Delisting wolves means their management will essentially be left up to the states, though the USFWS does require states to submit a five-year monitoring plan for any species delisted because of a recovery. Conservationists nevertheless fear that removing federal protections will result in state-sanctioned hunts that kill wolves in devastating numbers.

Gray wolves were already delisted in Idaho and Montana, a process that began under President George W. Bush and was finalized under President Barack Obama.

There are a total of about 6,000 wild gray wolves in Idaho, Michigan, Minnesota, Montana, Oregon, Washington and Wisconsin, according to the USFWS. Wolves are also beginning to expand in small numbers into Northern California.

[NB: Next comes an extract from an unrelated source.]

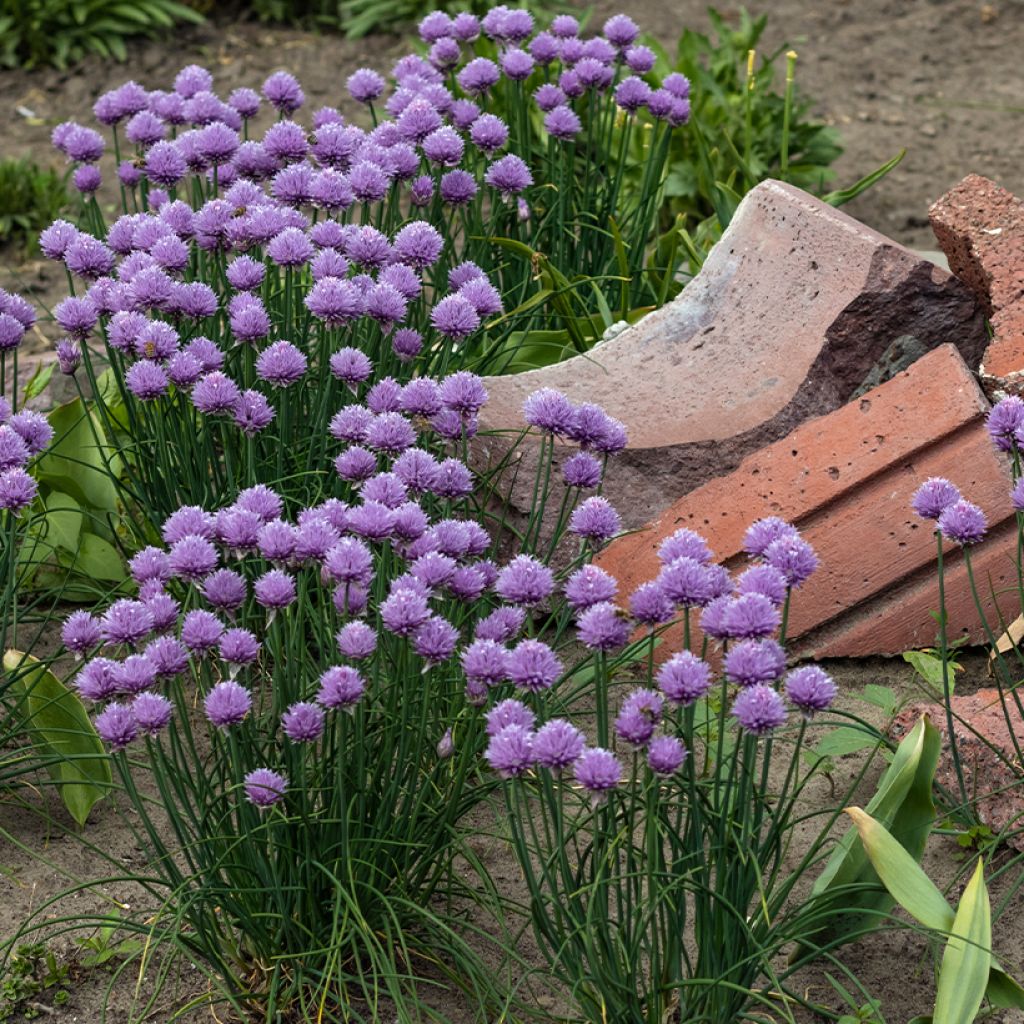 Allium cultorum Serendipity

Gray wolves in the lower 48 states (wolves have never been listed as endangered in Alaska) were added to the endangered species list in 1974. At that time, gray wolves were nearly extinct in those states after decades of hunting and intentional extermination efforts.

USFWS started reintroducing wild wolves in Idaho and Yellowstone National Park in the 1990s.

Since then, wolves’ endangered status has been a contentious issue. The decision to delist wolves in Idaho and Montana was initially overturned by the courts, then ultimately reinstated in 2011.

The USFWS also delisted Wyoming gray wolves in 2012, but a federal district court reinstated protections for them two years later. The Obama administration also proposed delisting the wolves across the lower 48 states, though it didn’t ultimately happen.